Tuesday, January 07, 2014

Let's chat about global warming

With most of the United States in a severe cold spell and TV watchers introduced to the term "Polar Vortex," this seems like a good time to talk about climate change and global warming.

Goodness, where to start? A young woman reporter stood somewhere in the blowing snow and announced that she was freezing in places she didn't know could be frozen. (Comic Jon Stewart had fun with that.) An expedition investigating the disappearance of Antarctic ice became stuck in Antarctic ice. I have seen two separate comments suggesting that  Al Gore's"fat ass" relates somehow to the global warming "hoax." A recent football game was played in the cold.

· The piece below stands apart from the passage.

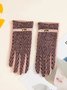 Women Urban Striped Touchscreen Love Heart Metal Accessory Plush Glove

The climate issue isn't new. Long ago, back in the '70s or '80s, we had a bitterly cold January, and Time magazine ran a cover story asking if we were entering a new ice age. Since then, we have had some of the hottest summers on record. Anecdotes, anecdotes, anecdotes. You can find them to support whatever position you like. The trouble is, we can't base long-term conclusions on daily or even annual weather. That's like standing in the middle of the Sahara and concluding that the whole world must be a desert.

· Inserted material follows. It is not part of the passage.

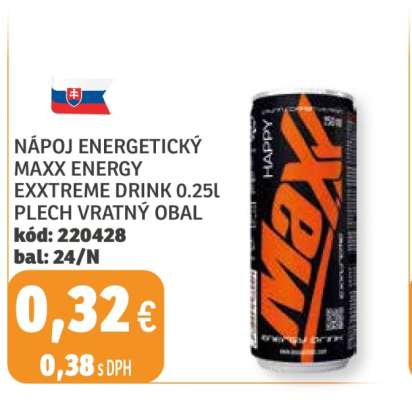 NÁPOJ ENERGETICKÝ MAXX ENERGY EXXTREME DRINK 0.25L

I'm not a climate scientist, but I respect what they have to say. They've been gathering data for many decades, and that data is incredibly complicated. Al Gore's presentations on global warming moved me not one iota, but I am even less interested in the mockery that comes out of Fox News. I would rather listen to scientists directly and tune out everyone else who looks only for data to support their conclusions.

So here's my understanding, after imperfectly filtering out a lot of noise. The climate is changing. It has always been changing. We did not get the Great Lakes, billions of smooth boulders and countless other geological features from a static climate. We got them from ice that covered the continents and then shrunk. So without human interference, we would likely be transitioning at Earth's own pace toward another ice age. But in the 1800s we humans launched the Industrial Revolution, changing the mix of chemicals in the atmosphere and affecting the climate. Are we getting warmer or colder? Warmer, apparently, if we credit scientific measurements of ocean temperatures over the years. Yet we keep getting spikes both hotter and colder. We have summers with dozens of hurricanes and summers with nearly none. Ocean levels appear to be rising, and polar bears appear to be losing their habitat. Indicators suggest to me a general warming trend, but that doesn't mean I "believe in" global warming. I believe in science and in data. Lots and lots of data.




3 comments:

Rick Bylina said...

You're right. Climate change is not a singular event or even a yearly adjustment. It's the trend. Climate has and will always change, the big difference this time seems to be the artificial effect humans are having on the rate of change. Can nature compensate for the rapidity of the change? Juries out, but the evidence is damning per most scientists and dead dinosaurs.

Alex J. Cavanaugh said...

I don't believe in global warming, but I do believe the climate is changing, and it has always been changing one way or the other.

Unknown said...

Even if the industrial revolution hasn't contributed to climate change and it's just a natural thing done on the planet's schedule, I'm glad the worrying about it caused us to rethink how we treat our planet. Those of us who aren't fracking anyway.